**What you are asked to do**: For each entry, output its words exactly and leave any picture behind.

[Short text fragments from websites]

--------------------------------

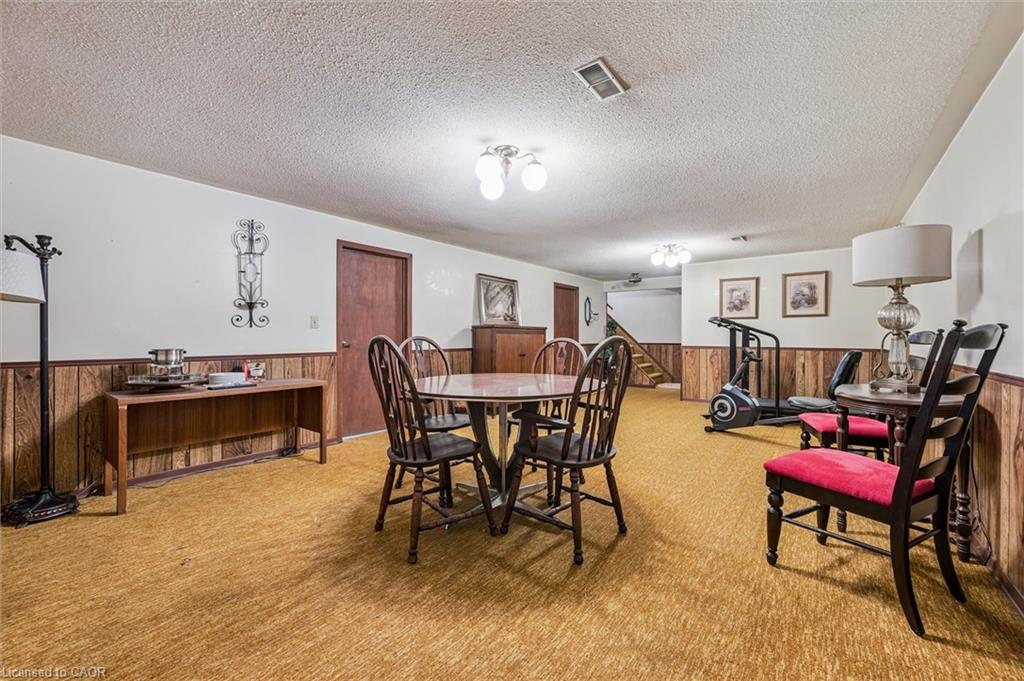 7 King Street Property Photo 34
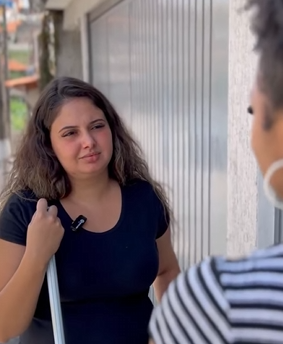 T1113001 Comprou um iphone zoou amiga pelo celular que tinha part2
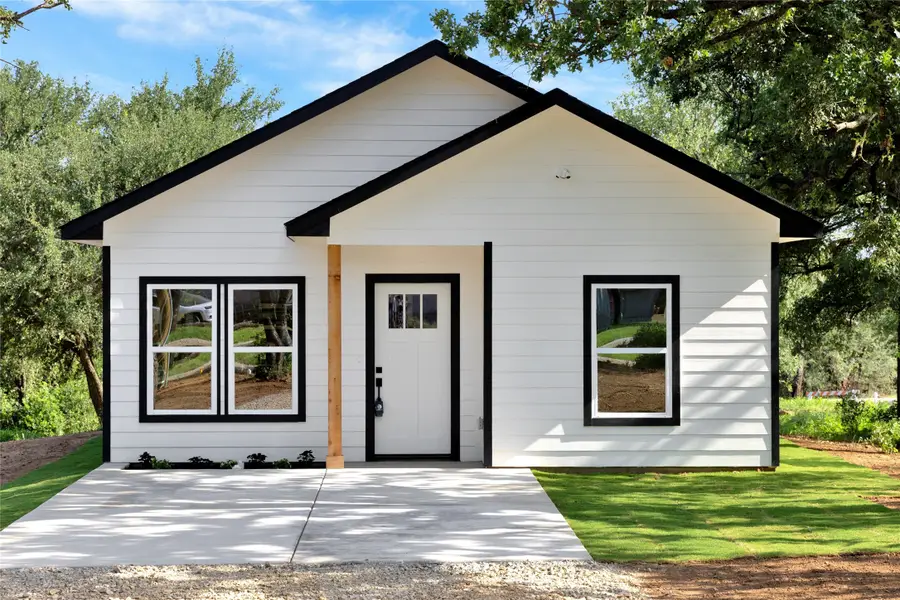 811 SW 28th Street, Mineral Wells, TX 76067 - #2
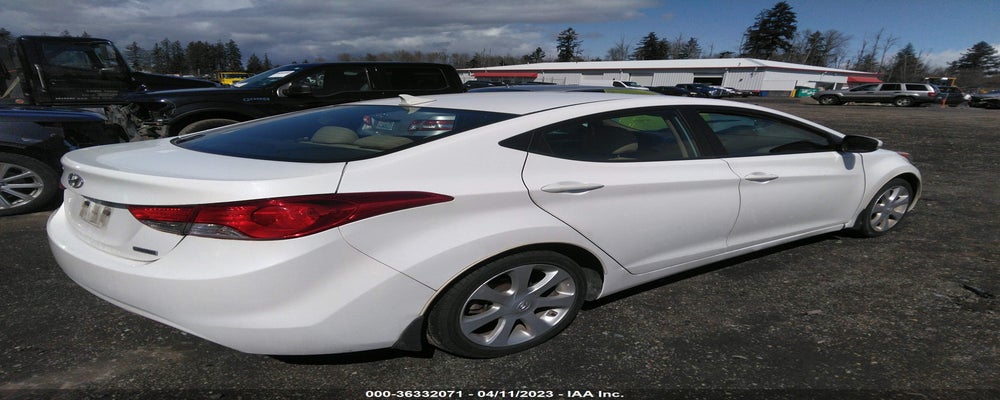 5NPDH4AE8DH213802 2013 HYUNDAI ELANTRA photo no. 4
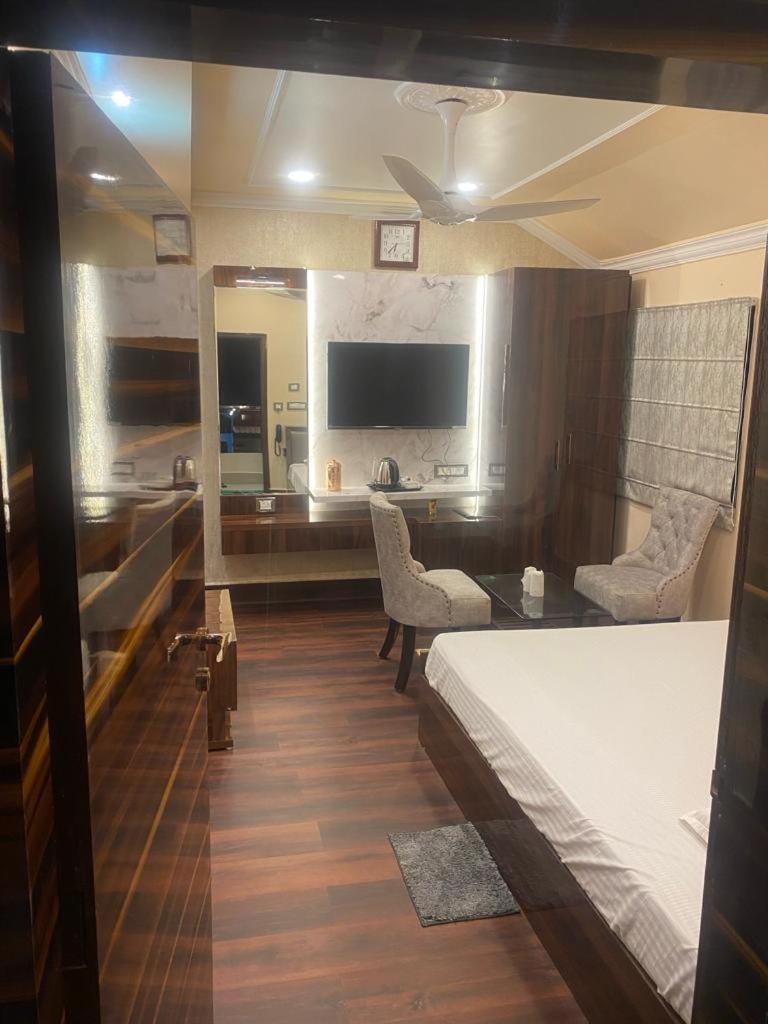 New Mouchak Hotel & Resorts Tajpur Exterior foto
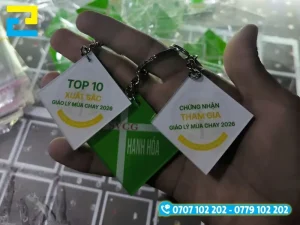 In móc khoá acrylic làm quà tặng doanh nghiệp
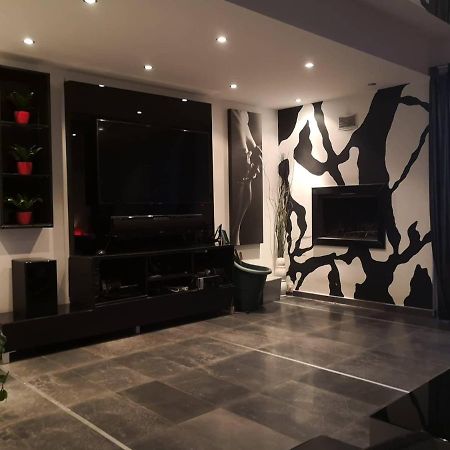 Fine Designed Flat 302 Appartamento Larnaca Esterno foto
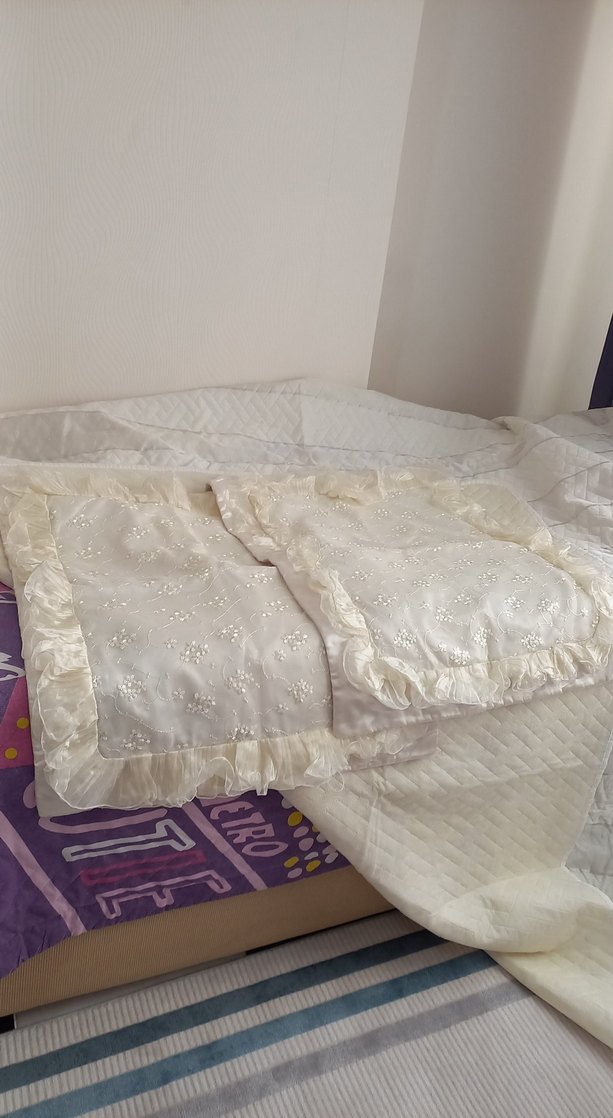 Beyaz Düz Yatak Örtüsü - Görsel 4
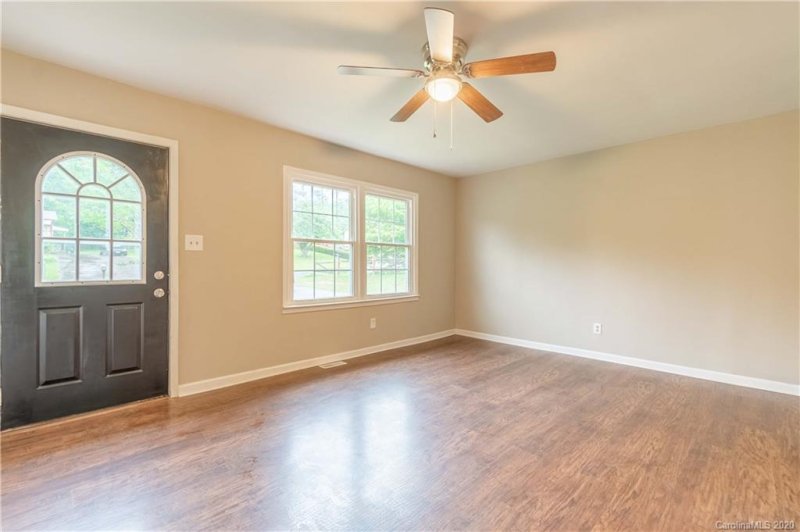 Property image 4 at 654 Dundeen Drive, Gastonia, NC 28052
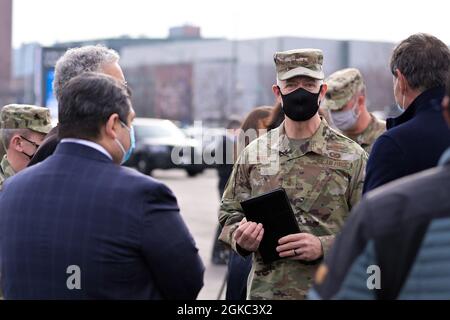 US Air Force Maj. Gen. Rich Neely, der Adjutant General von Illinois und Kommandant der Illinois National Guard, spricht vor einer Pressekonferenz in der United Center Arena, Chicago, Illinois, am 9. März 2021 mit Mitgliedern der Illinois-Regierung. Neely nahm an der Pressekonferenz Teil, um bei der Bekanntgabe der Inbetriebnahme eines aktiven Standorts zu helfen, der den Einwohnern des Cook County den Impfstoff COVID-19 verabreicht. Stockfoto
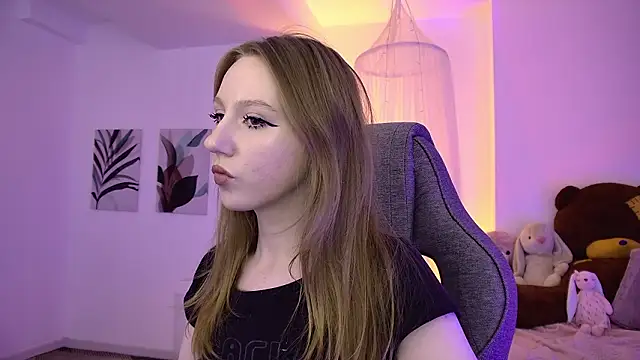 DariaTate online show from 8, 3, 2026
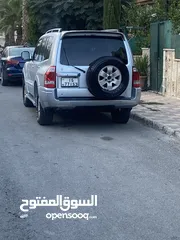  1 سيارة باجيرو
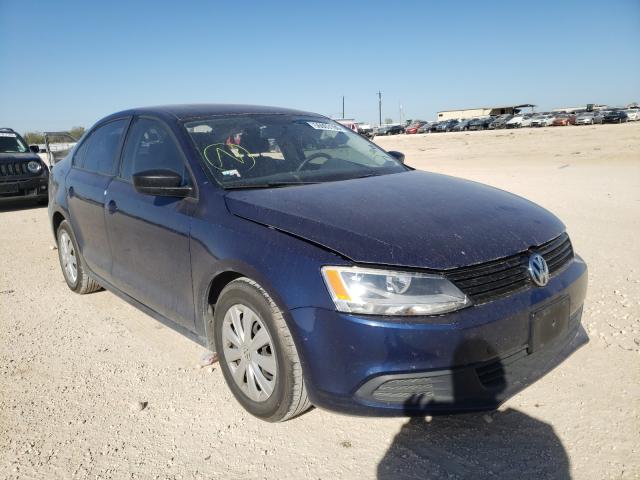 Volkswagen Jetta base (2011)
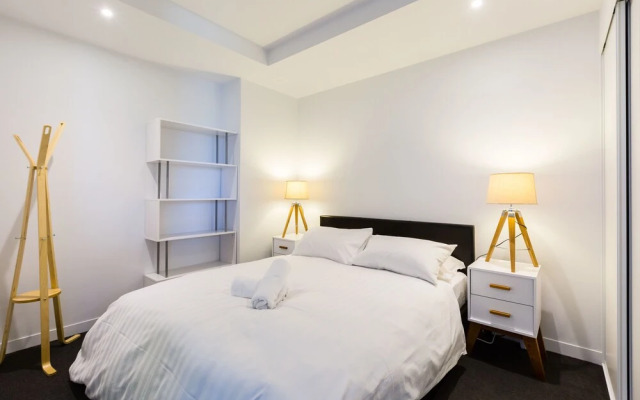 SANTERI, 2BDR Melbourne Apartment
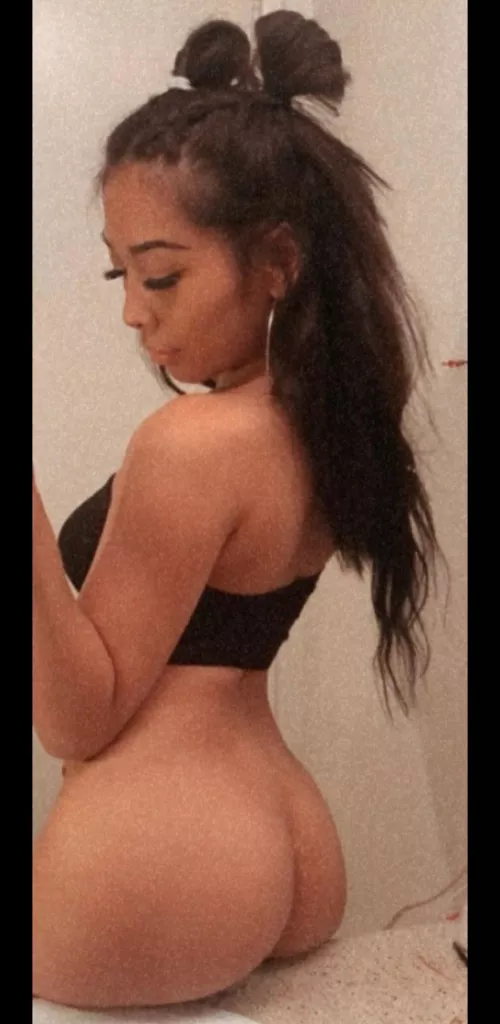 my ass would look much better when your fucking me from behind!😉 pull my hair too daddy!😫 by Complete-Chest-5425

--------------------------------

**Output for this exercise**:
 7 King Street Property Photo 34
 T1113001 Comprou um iphone zoou amiga pelo celular que tinha part2
 811 SW 28th Street, Mineral Wells, TX 76067 - #2
 5NPDH4AE8DH213802 2013 HYUNDAI ELANTRA photo no. 4
 New Mouchak Hotel & Resorts Tajpur Exterior foto
 In móc khoá acrylic làm quà tặng doanh nghiệp
 Fine Designed Flat 302 Appartamento Larnaca Esterno foto
 Beyaz Düz Yatak Örtüsü - Görsel 4
 Property image 4 at 654 Dundeen Drive, Gastonia, NC 28052
 US Air Force Maj. Gen. Rich Neely, der Adjutant General von Illinois und Kommandant der Illinois National Guard, spricht vor einer Pressekonferenz in der United Center Arena, Chicago, Illinois, am 9. März 2021 mit Mitgliedern der Illinois-Regierung. Neely nahm an der Pressekonferenz Teil, um bei der Bekanntgabe der Inbetriebnahme eines aktiven Standorts zu helfen, der den Einwohnern des Cook County den Impfstoff COVID-19 verabreicht. Stockfoto
 DariaTate online show from 8, 3, 2026
  1 سيارة باجيرو
 Volkswagen Jetta base (2011)
 SANTERI, 2BDR Melbourne Apartment
 my ass would look much better when your fucking me from behind!😉 pull my hair too daddy!😫 by Complete-Chest-5425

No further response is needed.